To investigate seabed dynamics, in general, and to predict the long-term morphodynamics of tidal sandbanks subject to sand extraction, in particular, process-based modelling is a commonly-used method. Different approaches can be considered: (i) based on complex numerical simulations; (ii) or applying an idealised model, designed specifically to describe sandbank dynamics. Herein, the first approach is applied to a case study of the Kwinte Bank; this is a tidallymaintained sandbank, located on the Belgian continental shelf. The modelling is set up using the complex processbased model Delft 3D – Online, the waves were not taken into account.
Numerical results and experimental data from a field campaign (undertaken in March 2004) are compared and show good agreement. Analysis of residual currents indicates a predominance of ebb flow over the bank. However, the residual sediment transport pattern is flood-dominated. The predicted residual sediment transport pattern shows that the Kwinte Bank should be regarded as part of a system of swales and sandbanks.

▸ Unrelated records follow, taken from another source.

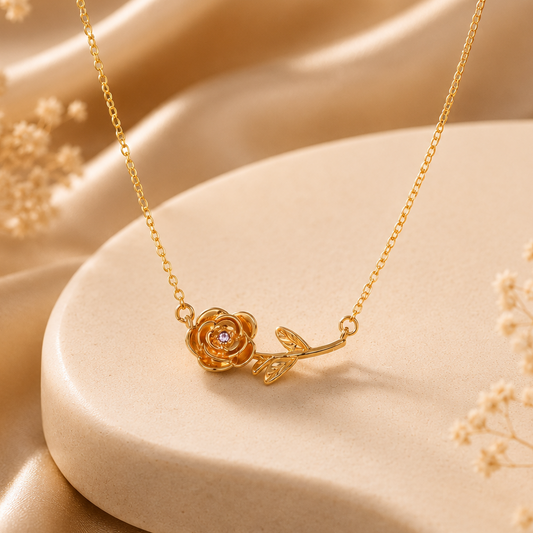 Gold necklace with a rose pendant on a beige stone surface with dried flowers.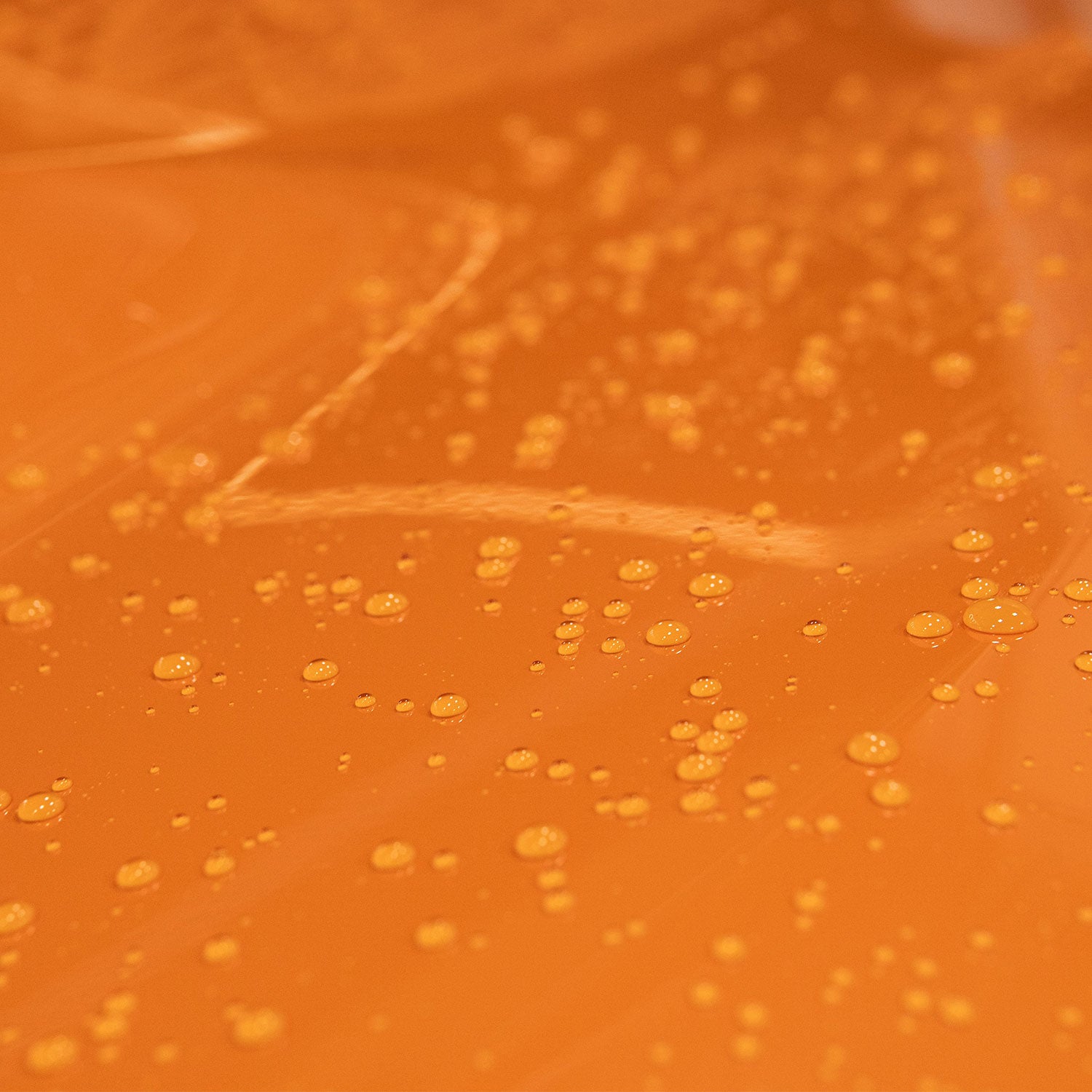 Close-up of water droplets on a textured orange surface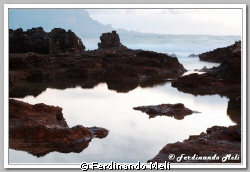 A mirror effect of the beach rocks. by Ferdinando Meli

Finally, the long-term evolution is discussed, considering complementary approaches that combine the benefits from the complex numerical modelling with the idealised one. The evolution of a tidal sandbank, after removing an amount of sand, is difficult to predict. No clear tendency is evident in the evolution of the depression area on the basis of the long-term full process-based modelling. However, on the basis of idealised modelling, the anticipated long-term trend of an excavated area is the recovery of the depression, resulting in an equilibrium of the sandbank, over a time-span of a few centuries.